__EXERCISE__. The full listing, written out exactly and without images, is the expected result.

__DATASET EXTRACT__.
>>>

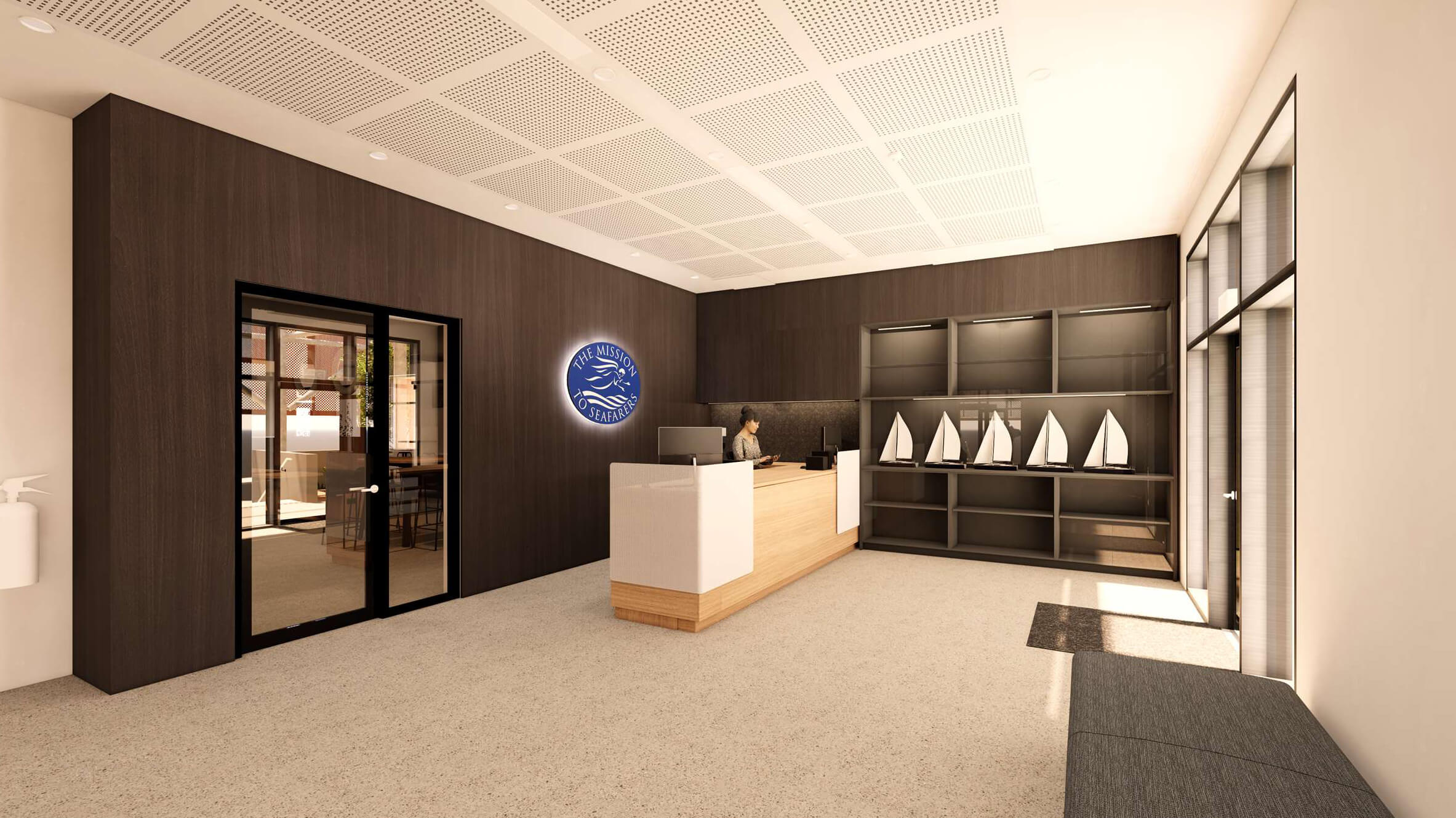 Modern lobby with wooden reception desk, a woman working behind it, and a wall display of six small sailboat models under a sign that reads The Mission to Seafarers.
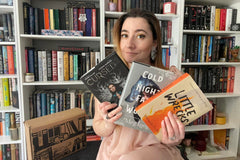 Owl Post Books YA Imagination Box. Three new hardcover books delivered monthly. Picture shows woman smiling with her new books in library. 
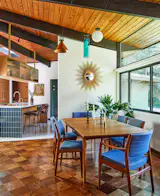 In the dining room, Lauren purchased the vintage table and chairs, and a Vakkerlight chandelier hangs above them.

<<<

__TASK SOLUTION__.
 Modern lobby with wooden reception desk, a woman working behind it, and a wall display of six small sailboat models under a sign that reads The Mission to Seafarers.
 Owl Post Books YA Imagination Box. Three new hardcover books delivered monthly. Picture shows woman smiling with her new books in library. 
 In the dining room, Lauren purchased the vintage table and chairs, and a Vakkerlight chandelier hangs above them.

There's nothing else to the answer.